Trump has several defamation lawsuits pending against news organizations and reporters, with damage demands running into the tens of billions. Targets include The New York Times (over articles about his tax returns); The Wall Street Journal (over an article about a birthday card he allegedly sent to the late sex offender Jeffrey Epstein); and the BBC (over a 2024 documentary about the Capitol riot that allegedly used deceptive editing).
Press experts and free-speech advocates have viewed Trump’s broadsides against the news media with alarm, citing his lawsuits as part of a larger array of administration threats and actions to limit or punish reporters, such as defunding public broadcasting, dismantling the federally funded Voice of America news agency and restricting reporters’ access to the Pentagon. Trump’s appointee at the Federal Communications Commission, Brendan Carr, has been a key ally and has threatened late-night TV hosts critical of Trump while launching investigations into the president’s perceived media adversaries.
Trump’s chances of prevailing in court remain low.
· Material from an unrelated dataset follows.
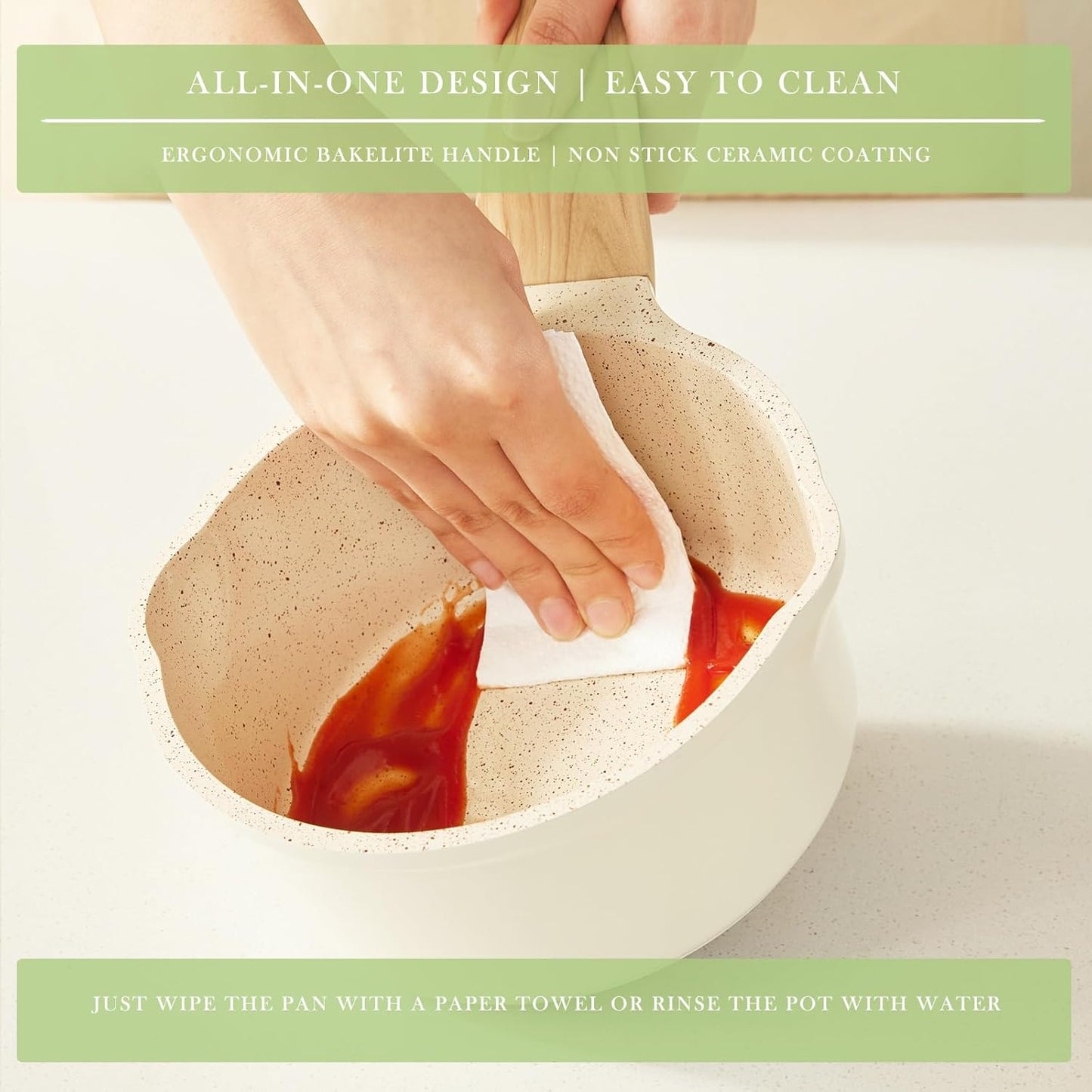 Pots and Pans Set Non Stick, Healthy Ceramic Cookware Set, 3pcs Kitchen Pots Frying Pan Saucepan, PFAS-Free, Cream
A judge initially dismissed Trump’s suit against The Wall Street Journal, for instance, saying he had not shown the paper had published with “actual malice,” though Trump’s legal team has refiled. U.S. law requires plaintiffs to prove not just that a publication reported inaccurately but that it knew its reporting was false before publication. But while Trump has never been able to meet that standard in court, his financial disclosure suggests he doesn’t have to. As president, he has other ways to make media pay.